Temuan yang mereka dapatkan adalah  eks anggota Hisbuth Tahrir menguasai wacana keagamaan di kampus. Selama ini mereka menerima pembubaran ormas mereka, namun secara pribadi mereka masih aktif memberikan ceramah-ceramah dan pengajaran bidang agama. . Umumnya mereka masih memakai kampus sebagai basis utama  tempat mereka dan mahasiswa sebagai obyek pengajaran mereka. Singkatnya mereka bertransformasi menjadi aktivis gerakan tarbiyah dengan tidak membawa bendera organisasi.
Tapi meskipun tidak membawa bendera HTI lagi karena sdan dibubarkan oleh pemerintah, ajaran Islam yang mereka sampaikan kepada mahasiswa adalah ideologi transnasional yang bertentangan dengan Pancasila dan UUD 1945.
Setidaknya ada tiga visi utama yang akan dikembangkan mereka dalam menjangkau mahasiswa, termasuk mahasiswa baru.
Pertama adalah kewajiban kaum muslim untuk selalu bersandar dan menegakkan nilai-nilai Islam dalam kehidupan bermasyarakat. Mereka menagaska bahwa kehidupan dan keselamatan masyarakat hanya dapat dicapai selama masyarakat taat menjalankan perintah Tuhan  seperti yang sudah disampaiak melalui al-Qur'an dan hadist.
Kedua adalah memerangi kaum kafir, yaitu musuh-musuh Islam. Semangat rohani yang yang digaungkan adalah perlunya umat Islam bersatu melawan penindasan terhadap Islam yang terus berkembang, yang konon berasal dari keyakinan di luar Islam , termasuk liberalism, kapitalisme dan sekuler. Ketidak adilan banyak pihak atas Palestina terus menerus digaungkan.

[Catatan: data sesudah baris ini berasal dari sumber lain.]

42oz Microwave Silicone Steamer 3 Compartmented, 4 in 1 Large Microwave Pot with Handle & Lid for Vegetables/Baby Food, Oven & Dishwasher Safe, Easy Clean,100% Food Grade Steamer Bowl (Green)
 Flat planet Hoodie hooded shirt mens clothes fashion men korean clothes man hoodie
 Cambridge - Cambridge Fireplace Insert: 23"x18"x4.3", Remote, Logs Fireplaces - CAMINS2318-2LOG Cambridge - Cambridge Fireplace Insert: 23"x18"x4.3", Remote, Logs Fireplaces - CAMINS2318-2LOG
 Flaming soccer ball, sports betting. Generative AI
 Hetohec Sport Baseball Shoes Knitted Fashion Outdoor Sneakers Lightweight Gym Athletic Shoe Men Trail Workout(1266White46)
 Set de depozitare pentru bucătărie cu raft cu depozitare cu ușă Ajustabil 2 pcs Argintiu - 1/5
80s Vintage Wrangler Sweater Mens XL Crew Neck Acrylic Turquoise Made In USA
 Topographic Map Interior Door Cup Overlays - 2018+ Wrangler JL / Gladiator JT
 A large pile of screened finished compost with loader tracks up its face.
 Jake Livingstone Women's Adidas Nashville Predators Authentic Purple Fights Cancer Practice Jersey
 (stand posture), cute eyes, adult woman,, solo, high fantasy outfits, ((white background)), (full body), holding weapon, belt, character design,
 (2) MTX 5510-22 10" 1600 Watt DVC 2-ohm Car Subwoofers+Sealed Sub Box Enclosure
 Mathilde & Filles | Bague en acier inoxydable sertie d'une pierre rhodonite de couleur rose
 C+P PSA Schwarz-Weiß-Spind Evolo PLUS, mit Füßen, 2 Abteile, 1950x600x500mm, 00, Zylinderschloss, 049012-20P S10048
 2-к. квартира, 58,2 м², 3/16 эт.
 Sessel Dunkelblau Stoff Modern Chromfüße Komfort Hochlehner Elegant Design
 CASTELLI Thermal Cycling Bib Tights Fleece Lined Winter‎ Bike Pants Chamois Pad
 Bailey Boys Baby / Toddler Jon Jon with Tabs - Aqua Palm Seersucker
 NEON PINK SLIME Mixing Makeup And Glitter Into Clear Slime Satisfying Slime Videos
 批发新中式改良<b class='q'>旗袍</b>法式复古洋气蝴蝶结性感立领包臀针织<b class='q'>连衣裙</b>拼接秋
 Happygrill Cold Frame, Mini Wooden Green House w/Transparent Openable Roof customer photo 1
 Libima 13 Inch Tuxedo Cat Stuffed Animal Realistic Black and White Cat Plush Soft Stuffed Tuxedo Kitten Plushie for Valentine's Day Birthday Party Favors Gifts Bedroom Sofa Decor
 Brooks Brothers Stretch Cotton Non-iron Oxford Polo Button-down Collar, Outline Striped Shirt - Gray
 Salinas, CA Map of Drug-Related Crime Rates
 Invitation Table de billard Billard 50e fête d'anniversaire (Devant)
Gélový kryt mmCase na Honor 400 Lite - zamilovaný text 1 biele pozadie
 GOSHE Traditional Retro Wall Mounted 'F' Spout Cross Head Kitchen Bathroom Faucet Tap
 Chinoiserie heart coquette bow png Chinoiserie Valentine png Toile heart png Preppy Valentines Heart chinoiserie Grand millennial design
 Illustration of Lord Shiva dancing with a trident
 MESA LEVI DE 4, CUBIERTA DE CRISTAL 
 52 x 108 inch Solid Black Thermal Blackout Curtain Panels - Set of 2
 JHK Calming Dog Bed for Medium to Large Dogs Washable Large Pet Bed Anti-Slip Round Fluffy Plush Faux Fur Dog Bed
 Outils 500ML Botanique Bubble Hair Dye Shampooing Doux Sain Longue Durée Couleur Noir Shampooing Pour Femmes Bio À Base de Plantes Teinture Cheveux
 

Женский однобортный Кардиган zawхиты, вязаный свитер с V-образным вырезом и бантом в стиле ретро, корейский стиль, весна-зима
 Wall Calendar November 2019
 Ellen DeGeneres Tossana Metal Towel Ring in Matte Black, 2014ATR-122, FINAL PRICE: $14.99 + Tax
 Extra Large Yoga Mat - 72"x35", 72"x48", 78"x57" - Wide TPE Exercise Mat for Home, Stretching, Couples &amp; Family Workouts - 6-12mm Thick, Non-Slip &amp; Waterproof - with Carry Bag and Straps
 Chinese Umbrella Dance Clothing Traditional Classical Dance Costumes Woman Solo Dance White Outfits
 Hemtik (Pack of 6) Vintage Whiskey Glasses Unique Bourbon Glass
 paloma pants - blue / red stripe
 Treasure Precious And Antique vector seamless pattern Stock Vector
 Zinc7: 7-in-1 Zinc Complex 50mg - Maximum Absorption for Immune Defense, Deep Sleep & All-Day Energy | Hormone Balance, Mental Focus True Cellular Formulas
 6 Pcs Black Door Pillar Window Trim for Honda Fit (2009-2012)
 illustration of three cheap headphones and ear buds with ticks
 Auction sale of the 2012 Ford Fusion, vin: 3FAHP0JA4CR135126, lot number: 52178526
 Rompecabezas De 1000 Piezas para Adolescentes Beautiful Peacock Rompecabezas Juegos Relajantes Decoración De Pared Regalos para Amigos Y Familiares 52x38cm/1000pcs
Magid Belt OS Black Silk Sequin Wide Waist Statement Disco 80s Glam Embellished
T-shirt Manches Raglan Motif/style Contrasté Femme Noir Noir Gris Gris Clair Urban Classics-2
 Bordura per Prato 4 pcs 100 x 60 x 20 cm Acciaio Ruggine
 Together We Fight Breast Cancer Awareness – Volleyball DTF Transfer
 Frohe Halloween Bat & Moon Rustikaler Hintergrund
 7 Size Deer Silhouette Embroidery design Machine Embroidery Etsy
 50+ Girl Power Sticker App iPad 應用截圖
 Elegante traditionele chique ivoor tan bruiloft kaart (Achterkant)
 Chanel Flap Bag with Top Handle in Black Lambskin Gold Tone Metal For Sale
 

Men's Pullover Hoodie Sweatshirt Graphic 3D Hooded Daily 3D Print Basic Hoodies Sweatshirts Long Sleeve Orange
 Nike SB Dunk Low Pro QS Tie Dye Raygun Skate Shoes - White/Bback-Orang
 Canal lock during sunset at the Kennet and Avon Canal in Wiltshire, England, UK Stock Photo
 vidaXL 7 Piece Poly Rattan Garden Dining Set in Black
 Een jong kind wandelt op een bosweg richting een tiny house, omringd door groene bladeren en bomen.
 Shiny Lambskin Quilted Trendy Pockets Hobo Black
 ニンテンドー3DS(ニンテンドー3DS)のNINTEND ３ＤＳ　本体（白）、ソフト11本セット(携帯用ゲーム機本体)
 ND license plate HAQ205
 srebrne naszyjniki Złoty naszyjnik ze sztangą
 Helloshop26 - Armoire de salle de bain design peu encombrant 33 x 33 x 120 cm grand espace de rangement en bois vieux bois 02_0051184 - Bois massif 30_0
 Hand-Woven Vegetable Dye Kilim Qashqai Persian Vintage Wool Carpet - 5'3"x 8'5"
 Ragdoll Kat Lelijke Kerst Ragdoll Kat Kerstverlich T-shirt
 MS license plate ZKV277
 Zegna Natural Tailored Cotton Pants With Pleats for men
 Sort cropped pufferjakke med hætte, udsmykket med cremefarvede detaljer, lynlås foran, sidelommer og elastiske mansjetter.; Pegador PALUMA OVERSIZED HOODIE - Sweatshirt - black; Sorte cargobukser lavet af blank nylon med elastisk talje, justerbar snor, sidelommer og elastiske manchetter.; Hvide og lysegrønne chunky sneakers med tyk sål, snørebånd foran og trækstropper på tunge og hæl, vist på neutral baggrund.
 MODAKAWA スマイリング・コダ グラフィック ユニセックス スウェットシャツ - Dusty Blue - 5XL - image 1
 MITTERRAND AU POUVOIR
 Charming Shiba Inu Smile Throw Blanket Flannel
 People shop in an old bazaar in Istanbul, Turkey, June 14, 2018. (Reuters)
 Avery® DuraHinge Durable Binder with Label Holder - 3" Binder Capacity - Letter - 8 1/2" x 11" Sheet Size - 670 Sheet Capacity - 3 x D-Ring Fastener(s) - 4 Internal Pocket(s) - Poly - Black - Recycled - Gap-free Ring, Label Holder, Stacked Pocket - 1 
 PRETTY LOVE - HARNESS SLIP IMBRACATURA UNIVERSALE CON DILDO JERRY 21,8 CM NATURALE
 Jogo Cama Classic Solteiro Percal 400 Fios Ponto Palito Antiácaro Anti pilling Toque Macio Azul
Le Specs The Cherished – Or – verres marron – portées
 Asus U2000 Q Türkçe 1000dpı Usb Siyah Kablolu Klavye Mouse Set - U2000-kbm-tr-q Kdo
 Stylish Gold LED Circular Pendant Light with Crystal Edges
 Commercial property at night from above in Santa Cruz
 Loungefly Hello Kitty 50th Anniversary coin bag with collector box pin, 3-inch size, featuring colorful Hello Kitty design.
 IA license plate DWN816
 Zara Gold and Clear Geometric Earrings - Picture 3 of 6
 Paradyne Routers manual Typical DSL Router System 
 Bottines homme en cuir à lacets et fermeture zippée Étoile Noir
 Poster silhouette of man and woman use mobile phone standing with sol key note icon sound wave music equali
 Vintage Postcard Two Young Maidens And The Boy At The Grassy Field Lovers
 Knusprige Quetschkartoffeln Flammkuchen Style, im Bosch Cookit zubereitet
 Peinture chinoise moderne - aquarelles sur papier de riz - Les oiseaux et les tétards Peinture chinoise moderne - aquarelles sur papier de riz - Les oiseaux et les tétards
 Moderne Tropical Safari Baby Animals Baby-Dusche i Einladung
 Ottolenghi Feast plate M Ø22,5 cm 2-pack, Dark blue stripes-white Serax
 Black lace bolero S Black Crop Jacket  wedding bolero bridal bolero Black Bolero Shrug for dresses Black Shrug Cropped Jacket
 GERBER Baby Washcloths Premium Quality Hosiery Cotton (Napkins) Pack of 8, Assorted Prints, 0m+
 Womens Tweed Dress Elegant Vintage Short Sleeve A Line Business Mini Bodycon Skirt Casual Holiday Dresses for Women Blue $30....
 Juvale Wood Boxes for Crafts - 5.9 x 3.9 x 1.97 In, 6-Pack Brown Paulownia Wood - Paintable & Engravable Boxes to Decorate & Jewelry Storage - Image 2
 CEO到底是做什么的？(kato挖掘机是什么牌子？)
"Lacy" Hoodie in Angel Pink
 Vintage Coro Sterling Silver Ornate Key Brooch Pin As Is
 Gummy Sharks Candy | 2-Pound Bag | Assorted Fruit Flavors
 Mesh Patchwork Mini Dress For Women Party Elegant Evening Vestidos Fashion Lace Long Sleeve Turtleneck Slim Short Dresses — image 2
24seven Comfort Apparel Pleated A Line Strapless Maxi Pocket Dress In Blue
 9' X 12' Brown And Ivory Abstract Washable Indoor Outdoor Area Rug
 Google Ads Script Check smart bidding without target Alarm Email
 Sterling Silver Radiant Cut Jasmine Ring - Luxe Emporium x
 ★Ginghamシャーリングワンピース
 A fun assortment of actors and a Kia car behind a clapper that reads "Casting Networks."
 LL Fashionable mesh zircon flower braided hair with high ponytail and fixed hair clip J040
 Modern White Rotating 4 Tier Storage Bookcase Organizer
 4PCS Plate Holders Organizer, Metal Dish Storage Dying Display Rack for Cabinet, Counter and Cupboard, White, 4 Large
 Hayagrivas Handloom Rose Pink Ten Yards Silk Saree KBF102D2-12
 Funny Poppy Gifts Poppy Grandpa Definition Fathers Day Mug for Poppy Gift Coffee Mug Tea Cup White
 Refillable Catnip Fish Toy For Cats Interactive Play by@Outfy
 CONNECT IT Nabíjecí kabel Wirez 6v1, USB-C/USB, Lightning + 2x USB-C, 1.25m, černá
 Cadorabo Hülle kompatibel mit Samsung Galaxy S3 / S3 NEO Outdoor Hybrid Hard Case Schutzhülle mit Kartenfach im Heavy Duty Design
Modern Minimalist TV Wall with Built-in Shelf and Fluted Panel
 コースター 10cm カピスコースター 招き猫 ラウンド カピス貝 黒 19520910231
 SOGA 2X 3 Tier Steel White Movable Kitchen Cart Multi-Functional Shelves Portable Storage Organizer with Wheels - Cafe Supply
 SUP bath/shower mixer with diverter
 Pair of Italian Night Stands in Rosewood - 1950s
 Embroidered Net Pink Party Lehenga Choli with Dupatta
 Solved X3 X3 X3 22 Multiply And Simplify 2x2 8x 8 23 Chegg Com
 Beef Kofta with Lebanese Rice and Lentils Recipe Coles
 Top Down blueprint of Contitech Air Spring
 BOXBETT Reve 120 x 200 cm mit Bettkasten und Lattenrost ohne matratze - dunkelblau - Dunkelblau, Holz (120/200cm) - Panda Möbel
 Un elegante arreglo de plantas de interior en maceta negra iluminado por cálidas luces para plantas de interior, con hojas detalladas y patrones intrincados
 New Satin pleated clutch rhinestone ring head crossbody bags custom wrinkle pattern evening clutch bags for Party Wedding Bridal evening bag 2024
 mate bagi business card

Wacana ketiga adalah mereka menyakinkan para generasi muda bahwa sekarang terjadi perang pemikiran baik soal keyakinan (Islam) maupun soal kebudayaan (timur vs barat)
Tiga hal ini terus menerus digaungkan oleh para penceramah yang mereka undang ke kampus, baik dengan cara terbuka maupun dengan cara tertutup alias eksklusif. Dengan menyakinkan item satu sampai item tiga itu mutlak dilakukan oleh umat muslim, para mahasiswa yang masih unyu-unyu itu akan bersifat hati-hati, dengan cepat mencurigai pihak lain, memusuhi bahkan menutup diri dari orang lain.
Hal ini terus menerus mereka pupuk dan  mungkin butuh sekitar satu sampai tiga tahun supaya mereka solid dan loyal. Sehingga tak jarang kita mendapati beberapa mahasiswa yang bersikap aneh dan asing terhadap keluarga mereka sendiri. Jika sudah solid dan loyal, sejatinya mereka sudah bersikap intoleran. Jika sudah bersikap intoleran, maka akan mudah orang-orang ex HTI itu untuk membuat para mahasiswa menjadi radikal. Begitulah cara kaum radikal memperkenalkan radikalisme di kalangan anak muda. Kampus adalah basis penting bagi mereka.
Karena itu seluruh civitas akademika harus bersatu untuk mencegah semua langkah mereka itu di kampus. Jika sekiranya ada mahasiswa yang sepertinya terpapar intoleransi dan radikalisme, segera cara senior atau dosen yang bersifat inklusif (Islam moderat) untuk dicari langkah-langkah selanjutnya.